Gli e-commerce in Italia
Nel nostro Paese siamo in forte ritardo anche quando si tratta di vendite online. Considerando anche solo 5-7 anni da l’Italia era tra i Paesi europei quello con il minor numero di negozi online, a fronte di un potenziale paniere di clienti decisamente molto ampio. A partire dal 2015/2016 si sono visti però già i primi miglioramenti di questo settore, con crescite annuali del fatturato nell’ordine di oltre il 15%. Nel 2020 le cose sono fortemente cambiate sotto questo punto di vista, sia per quanto riguarda il numero di persone che in Italia ha utilizzato regolarmente gli e-commerce, sia per le tipologie di negozi che oggi usano la rete per offrire prodotti e servizi.

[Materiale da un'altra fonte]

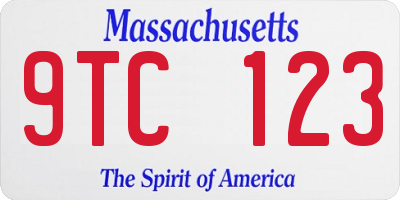 MA license plate 9TC123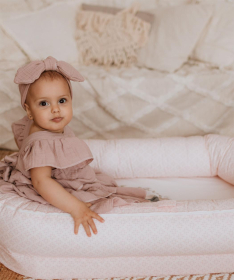 Textil multifunkcionalno gnezdo za bebe Retro Mede - Roze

Nel 2020 il fatturato delle vendite online in senso generico è comunque diminuito di un 2/3%; si deve però considerare che durante il periodo della pandemia i settori che negli anni precedenti avevano maggiormente sfruttato internet per le vendite hanno subito una importante battuta d’arresto. Turismo e cultura infatti sono tra i settori in cui i lock down hanno costretto a chiusure particolarmente prolungate. Infatti se osserviamo il fatturato della rete solo per quanto riguarda la vendita di beni fisici, allora notiamo un aumento superiore al 30%, con oltre il 40% della aziende online che vendono quasi esclusivamente attraverso contatti tramite mobile.

La pandemia e l’uso di internet in Italia
Ma la pandemia da coronavirus ha modificato le carte in tavola anche per quanto riguarda altri elementi che indicano l’utilizzo della rete da parte della popolazione. Ad esempio sono aumentati i negozi di generi alimentari e di prodotti di largo consumo che vendono direttamente online. Dal grande supermercato per arrivare sino al piccolo negozio di quartiere. Chiaramente il servizio offerto differisce a seconda del tipo di negozio che lo propone, ma oggi sono anche numerosi brand e produttori che vendono direttamente tramite internet i bene offerti al pubblico, senza intermediari. Lo fanno i grandi marchi, la lo fanno anche le aziende agricole o i piccoli negozi. Allo stesso modo una buona fetta di imprese italiane, stiamo parlando di cifre che superano tranquillamente il 50%, usa quotidianamente servizi in cloud. Nel 2018 la percentuale si attestava intorno al 20%, quindi la cifra è sostanzialmente raddoppiata nel corso di 2 anni. Resta da vedere se tutte queste nuove modalità di utilizzo della rete, stimolate sicuramente dalla pandemia e dai lock down, oltre che dall’impossibilità o difficoltà di incontrarsi faccia a faccia, continueranno anche nel post pandemia.